_Exercise directions_: Below are records with pictures. Transcribe exactly, and only, the lines from the line with "crane grab bucket for bulk handling" to the line with "Life is Strange: Before", both ends included, but not the pictures.

_Material provided_:
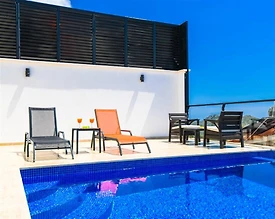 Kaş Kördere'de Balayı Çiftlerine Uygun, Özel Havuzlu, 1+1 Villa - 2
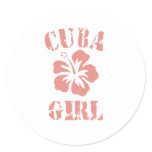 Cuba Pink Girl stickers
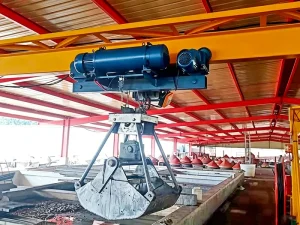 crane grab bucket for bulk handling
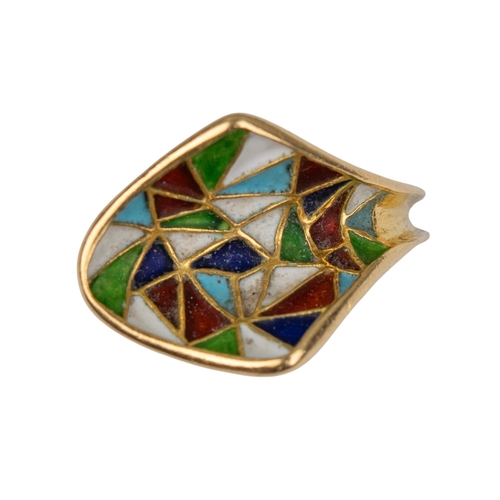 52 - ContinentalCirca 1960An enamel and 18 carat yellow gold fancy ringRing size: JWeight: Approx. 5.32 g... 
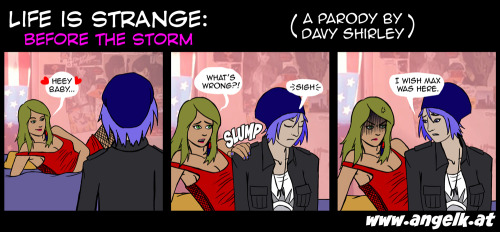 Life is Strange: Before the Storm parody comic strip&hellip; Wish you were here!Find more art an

==

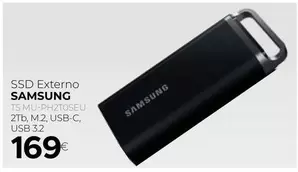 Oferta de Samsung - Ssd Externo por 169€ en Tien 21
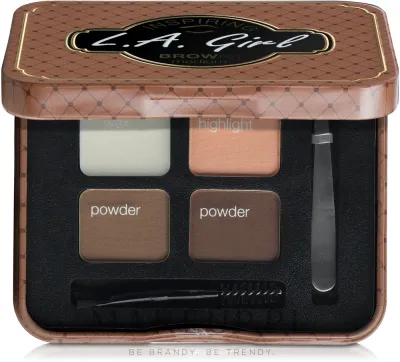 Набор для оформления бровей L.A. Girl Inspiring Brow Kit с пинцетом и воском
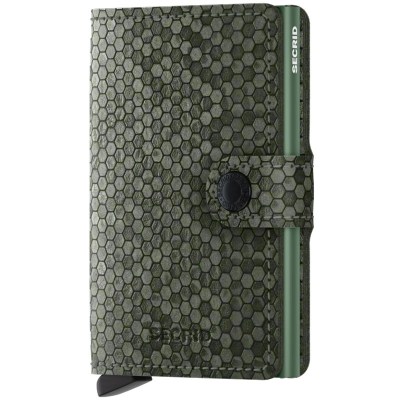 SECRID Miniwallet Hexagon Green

_Problem solution_:
 crane grab bucket for bulk handling
 52 - ContinentalCirca 1960An enamel and 18 carat yellow gold fancy ringRing size: JWeight: Approx. 5.32 g... 
 Life is Strange: Before the Storm parody comic strip&hellip; Wish you were here!Find more art an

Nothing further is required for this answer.